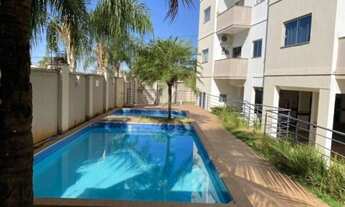 Imagem 2: Apartamento com 2 quartos à venda no Sítios Santa Luzia em Aparecida de Goiânia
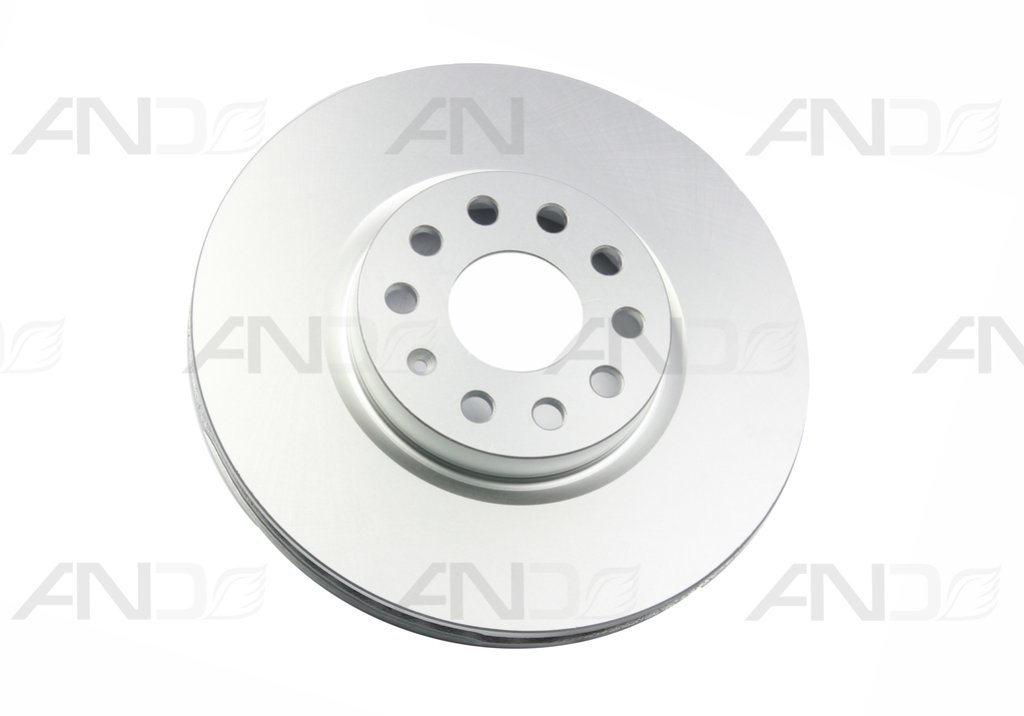 Диск гальмівний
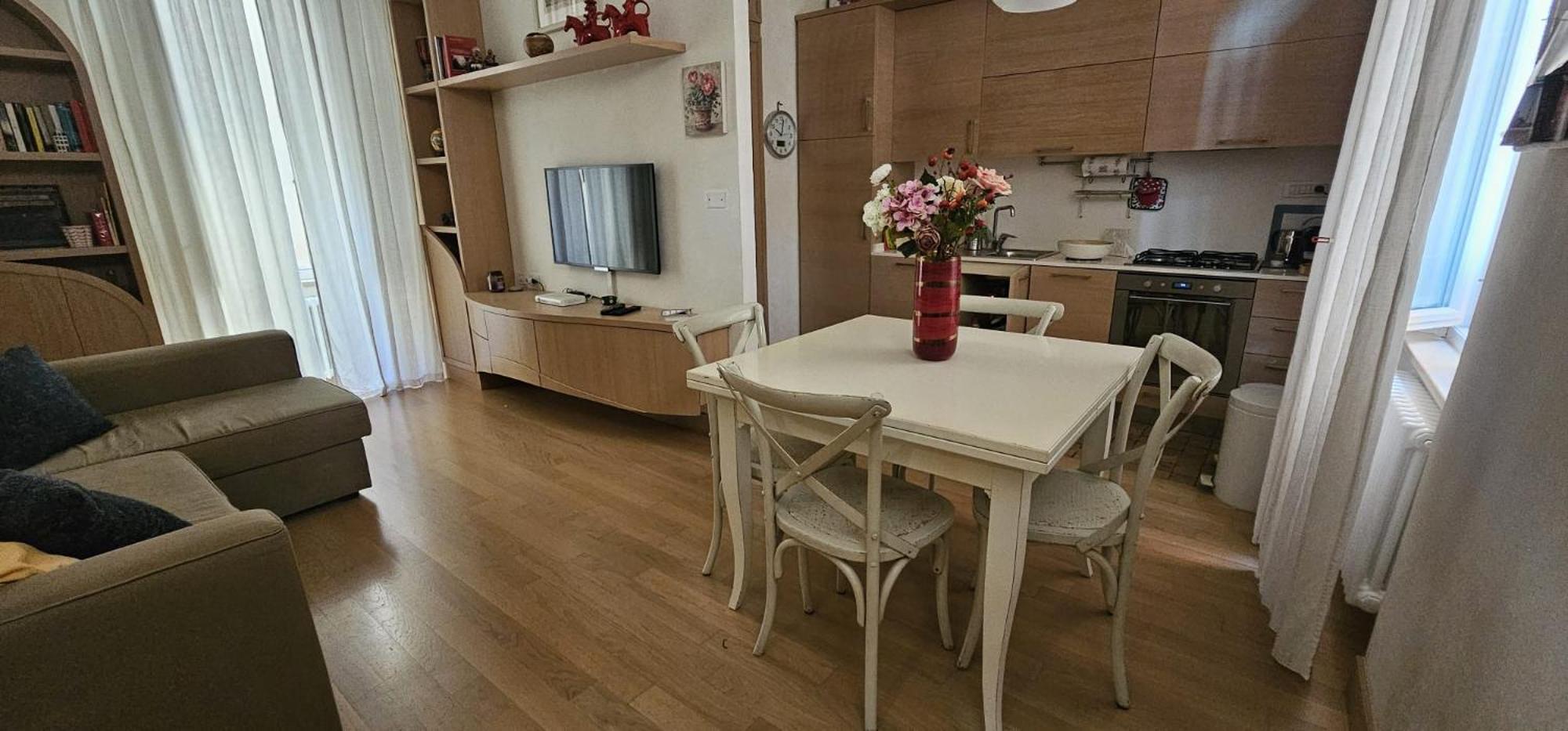 Casa Capponi - A San Pietro Apartamento *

:::::

TASK BRIEF>
Would you copy out every line of the data above exactly, minus the pictures?

REPLY>
 Imagem 2: Apartamento com 2 quartos à venda no Sítios Santa Luzia em Aparecida de Goiânia
 Диск гальмівний
 Casa Capponi - A San Pietro Apartamento *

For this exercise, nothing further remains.